• _Excerpted data_
══════════════════════════════
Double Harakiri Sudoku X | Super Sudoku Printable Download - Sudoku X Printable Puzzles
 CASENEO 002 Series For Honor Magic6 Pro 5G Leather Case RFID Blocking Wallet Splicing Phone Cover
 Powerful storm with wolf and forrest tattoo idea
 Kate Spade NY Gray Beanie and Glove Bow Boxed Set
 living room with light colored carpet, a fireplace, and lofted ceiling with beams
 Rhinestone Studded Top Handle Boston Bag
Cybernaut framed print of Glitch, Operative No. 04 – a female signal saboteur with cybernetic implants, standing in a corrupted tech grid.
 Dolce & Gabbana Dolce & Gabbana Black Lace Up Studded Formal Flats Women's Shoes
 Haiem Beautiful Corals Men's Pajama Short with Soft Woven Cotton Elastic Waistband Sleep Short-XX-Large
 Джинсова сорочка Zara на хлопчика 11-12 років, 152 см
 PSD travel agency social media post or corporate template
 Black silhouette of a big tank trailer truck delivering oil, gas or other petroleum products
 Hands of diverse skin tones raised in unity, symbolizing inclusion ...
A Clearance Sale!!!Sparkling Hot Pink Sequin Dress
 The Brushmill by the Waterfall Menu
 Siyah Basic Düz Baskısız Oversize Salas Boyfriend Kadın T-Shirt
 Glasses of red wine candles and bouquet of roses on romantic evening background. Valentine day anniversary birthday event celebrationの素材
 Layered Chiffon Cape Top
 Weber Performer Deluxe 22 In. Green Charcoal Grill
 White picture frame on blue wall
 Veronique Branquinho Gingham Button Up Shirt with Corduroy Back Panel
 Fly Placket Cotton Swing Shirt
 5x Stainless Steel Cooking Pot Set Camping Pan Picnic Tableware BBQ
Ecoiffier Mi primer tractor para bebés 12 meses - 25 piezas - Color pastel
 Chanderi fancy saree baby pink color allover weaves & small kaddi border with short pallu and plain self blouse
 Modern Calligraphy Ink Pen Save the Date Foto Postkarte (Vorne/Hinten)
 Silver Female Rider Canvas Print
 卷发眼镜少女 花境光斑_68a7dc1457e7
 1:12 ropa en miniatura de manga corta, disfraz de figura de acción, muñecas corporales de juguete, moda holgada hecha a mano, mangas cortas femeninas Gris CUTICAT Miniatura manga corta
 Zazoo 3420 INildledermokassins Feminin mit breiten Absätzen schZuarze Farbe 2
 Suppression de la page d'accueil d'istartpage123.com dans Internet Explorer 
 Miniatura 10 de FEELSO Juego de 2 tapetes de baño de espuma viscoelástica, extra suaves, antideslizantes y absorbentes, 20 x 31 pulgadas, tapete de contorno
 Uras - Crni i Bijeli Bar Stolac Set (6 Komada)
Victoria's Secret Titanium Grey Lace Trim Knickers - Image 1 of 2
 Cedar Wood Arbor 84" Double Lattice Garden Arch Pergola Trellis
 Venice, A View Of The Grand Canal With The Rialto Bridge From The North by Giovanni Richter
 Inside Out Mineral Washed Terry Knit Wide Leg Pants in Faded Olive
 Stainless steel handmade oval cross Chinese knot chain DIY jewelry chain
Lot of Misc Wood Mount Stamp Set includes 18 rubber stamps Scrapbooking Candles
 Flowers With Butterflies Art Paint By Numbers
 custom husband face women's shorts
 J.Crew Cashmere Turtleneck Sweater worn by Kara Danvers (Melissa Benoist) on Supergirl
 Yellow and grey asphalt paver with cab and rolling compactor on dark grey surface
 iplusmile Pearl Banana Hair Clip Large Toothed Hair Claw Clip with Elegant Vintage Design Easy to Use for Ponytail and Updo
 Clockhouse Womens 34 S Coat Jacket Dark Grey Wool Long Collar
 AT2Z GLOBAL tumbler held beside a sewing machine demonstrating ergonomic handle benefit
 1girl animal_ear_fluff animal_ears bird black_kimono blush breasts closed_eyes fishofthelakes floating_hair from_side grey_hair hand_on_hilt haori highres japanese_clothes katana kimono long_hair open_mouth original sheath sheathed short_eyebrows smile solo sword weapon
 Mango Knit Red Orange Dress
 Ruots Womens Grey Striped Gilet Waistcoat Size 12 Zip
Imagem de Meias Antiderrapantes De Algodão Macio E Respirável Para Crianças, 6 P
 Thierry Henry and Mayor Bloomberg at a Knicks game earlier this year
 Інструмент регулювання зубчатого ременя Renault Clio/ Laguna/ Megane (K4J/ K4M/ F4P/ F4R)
══════════════════════════════
Print the listing above in its entirety, with every line exact.

Double Harakiri Sudoku X | Super Sudoku Printable Download - Sudoku X Printable Puzzles
 CASENEO 002 Series For Honor Magic6 Pro 5G Leather Case RFID Blocking Wallet Splicing Phone Cover
 Powerful storm with wolf and forrest tattoo idea
 Kate Spade NY Gray Beanie and Glove Bow Boxed Set
 living room with light colored carpet, a fireplace, and lofted ceiling with beams
 Rhinestone Studded Top Handle Boston Bag
Cybernaut framed print of Glitch, Operative No. 04 – a female signal saboteur with cybernetic implants, standing in a corrupted tech grid.
 Dolce & Gabbana Dolce & Gabbana Black Lace Up Studded Formal Flats Women's Shoes
 Haiem Beautiful Corals Men's Pajama Short with Soft Woven Cotton Elastic Waistband Sleep Short-XX-Large
 Джинсова сорочка Zara на хлопчика 11-12 років, 152 см
 PSD travel agency social media post or corporate template
 Black silhouette of a big tank trailer truck delivering oil, gas or other petroleum products
 Hands of diverse skin tones raised in unity, symbolizing inclusion ...
A Clearance Sale!!!Sparkling Hot Pink Sequin Dress
 The Brushmill by the Waterfall Menu
 Siyah Basic Düz Baskısız Oversize Salas Boyfriend Kadın T-Shirt
 Glasses of red wine candles and bouquet of roses on romantic evening background. Valentine day anniversary birthday event celebrationの素材
 Layered Chiffon Cape Top
 Weber Performer Deluxe 22 In. Green Charcoal Grill
 White picture frame on blue wall
 Veronique Branquinho Gingham Button Up Shirt with Corduroy Back Panel
 Fly Placket Cotton Swing Shirt
 5x Stainless Steel Cooking Pot Set Camping Pan Picnic Tableware BBQ
Ecoiffier Mi primer tractor para bebés 12 meses - 25 piezas - Color pastel
 Chanderi fancy saree baby pink color allover weaves & small kaddi border with short pallu and plain self blouse
 Modern Calligraphy Ink Pen Save the Date Foto Postkarte (Vorne/Hinten)
 Silver Female Rider Canvas Print
 卷发眼镜少女 花境光斑_68a7dc1457e7
 1:12 ropa en miniatura de manga corta, disfraz de figura de acción, muñecas corporales de juguete, moda holgada hecha a mano, mangas cortas femeninas Gris CUTICAT Miniatura manga corta
 Zazoo 3420 INildledermokassins Feminin mit breiten Absätzen schZuarze Farbe 2
 Suppression de la page d'accueil d'istartpage123.com dans Internet Explorer 
 Miniatura 10 de FEELSO Juego de 2 tapetes de baño de espuma viscoelástica, extra suaves, antideslizantes y absorbentes, 20 x 31 pulgadas, tapete de contorno
 Uras - Crni i Bijeli Bar Stolac Set (6 Komada)
Victoria's Secret Titanium Grey Lace Trim Knickers - Image 1 of 2
 Cedar Wood Arbor 84" Double Lattice Garden Arch Pergola Trellis
 Venice, A View Of The Grand Canal With The Rialto Bridge From The North by Giovanni Richter
 Inside Out Mineral Washed Terry Knit Wide Leg Pants in Faded Olive
 Stainless steel handmade oval cross Chinese knot chain DIY jewelry chain
Lot of Misc Wood Mount Stamp Set includes 18 rubber stamps Scrapbooking Candles
 Flowers With Butterflies Art Paint By Numbers
 custom husband face women's shorts
 J.Crew Cashmere Turtleneck Sweater worn by Kara Danvers (Melissa Benoist) on Supergirl
 Yellow and grey asphalt paver with cab and rolling compactor on dark grey surface
 iplusmile Pearl Banana Hair Clip Large Toothed Hair Claw Clip with Elegant Vintage Design Easy to Use for Ponytail and Updo
 Clockhouse Womens 34 S Coat Jacket Dark Grey Wool Long Collar
 AT2Z GLOBAL tumbler held beside a sewing machine demonstrating ergonomic handle benefit
 1girl animal_ear_fluff animal_ears bird black_kimono blush breasts closed_eyes fishofthelakes floating_hair from_side grey_hair hand_on_hilt haori highres japanese_clothes katana kimono long_hair open_mouth original sheath sheathed short_eyebrows smile solo sword weapon
 Mango Knit Red Orange Dress
 Ruots Womens Grey Striped Gilet Waistcoat Size 12 Zip
Imagem de Meias Antiderrapantes De Algodão Macio E Respirável Para Crianças, 6 P
 Thierry Henry and Mayor Bloomberg at a Knicks game earlier this year
 Інструмент регулювання зубчатого ременя Renault Clio/ Laguna/ Megane (K4J/ K4M/ F4P/ F4R)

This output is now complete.